Account aggregator – a definition
An account aggregator acts as a digital link between banks, insurers, and other financial service providers. It enables financial data to be shared securely and in compliance with regulations – always with the customer’s permission and on their behalf. This makes it possible to bring together information from different sources, such as bank accounts, loans, or insurance policies, and share it purposefully, for example, to speed up a loan application. Importantly, the account aggregator does not store any financial data itself but simply ensures its safe transfer between parties.
How an account aggregator works
- The customer gives their consent: The process always begins with the user explicitly agreeing to share their data using a dashboard.
- Next, the data is brought together: The account aggregator collects the required financial information from different financial institutions, such as banks, insurers, or investment firms.
- The data is then passed on: The collected data is encrypted and securely sent to the company that has requested it, such as a bank reviewing a loan application.
- The aggregator stays out of the way: The account aggregator only transfers the data and doesn’t store it. It acts as a safe, digital “channel”.
- Customer control: The user decides which data they share and with whom, and always stays in control.
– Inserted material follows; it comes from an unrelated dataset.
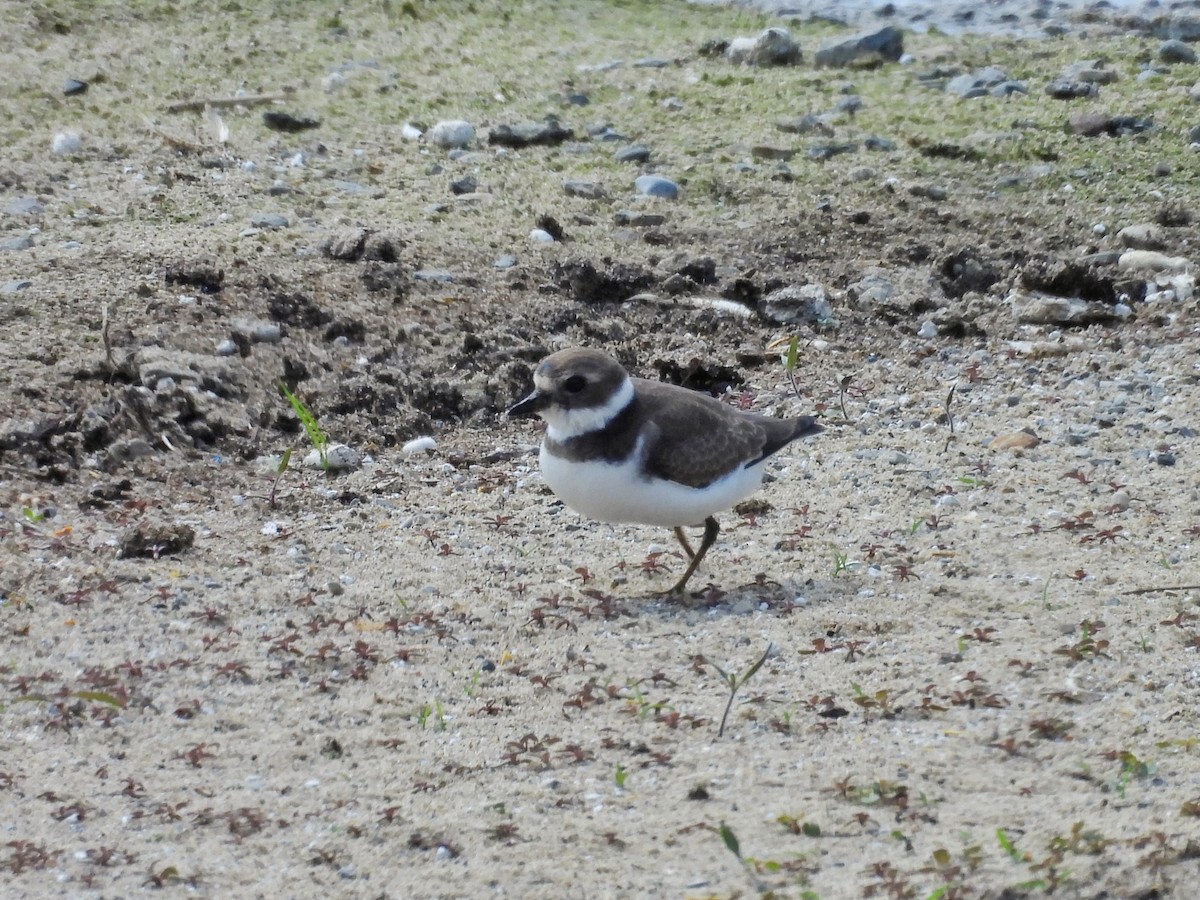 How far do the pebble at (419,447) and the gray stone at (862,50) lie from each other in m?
5.32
Core functions of an account aggregator
- Consolidated overview: Instead of having to log in to several banks and financial service providers separately, users receive a unified, up-to-date view of their entire financial situation.
- Data exchange: The account aggregator acts as a secure broker for exchanging data between financial institutions (called Financial Information Providers, or FIPs) and those who use the financial information (FIUs), such as banks issuing loans.
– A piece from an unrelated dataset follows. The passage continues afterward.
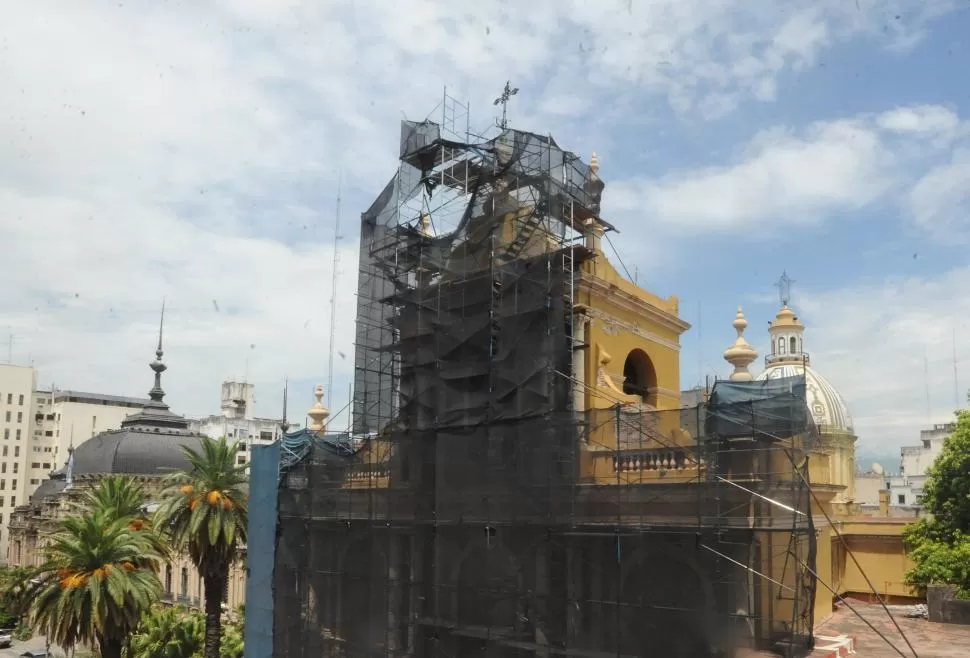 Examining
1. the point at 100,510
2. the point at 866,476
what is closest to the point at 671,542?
the point at 100,510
- User consent: Data is only brought together with the customer’s explicit agreement. The user always has control over which data is shared and with whom.
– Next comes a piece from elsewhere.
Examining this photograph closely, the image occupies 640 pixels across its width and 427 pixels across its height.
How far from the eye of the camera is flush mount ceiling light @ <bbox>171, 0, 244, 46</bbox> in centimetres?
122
- Security and data protection: The aggregator usually does not store sensitive customer data. Information is encrypted and securely transferred from one provider to another, without the aggregator seeing it.
- Use of Open Banking: Many aggregators use the “Open Banking” principle. This means financial institutions have to share customer data over secure APIs when the user wishes.
Benefits of account aggregators
- Simplified documentation: Customers no longer need to collect and submit countless physical documents.
- Faster processing: Financial institutions can access real-time data, which speeds up application reviews.
- Secure data exchange: The entire process happens digitally and securely, with encrypted data, reducing the risk of data leaks.
- Better overview: Customers can get a comprehensive view of all their finances in one place.
Position in the financial world
Account aggregators play an important role in modern financial technology. They are key to developing new services and make it easier for people to keep control of their financial data and benefit from innovative offerings. In many countries, account aggregators are regulated by the government to make sure consumer data is properly protected.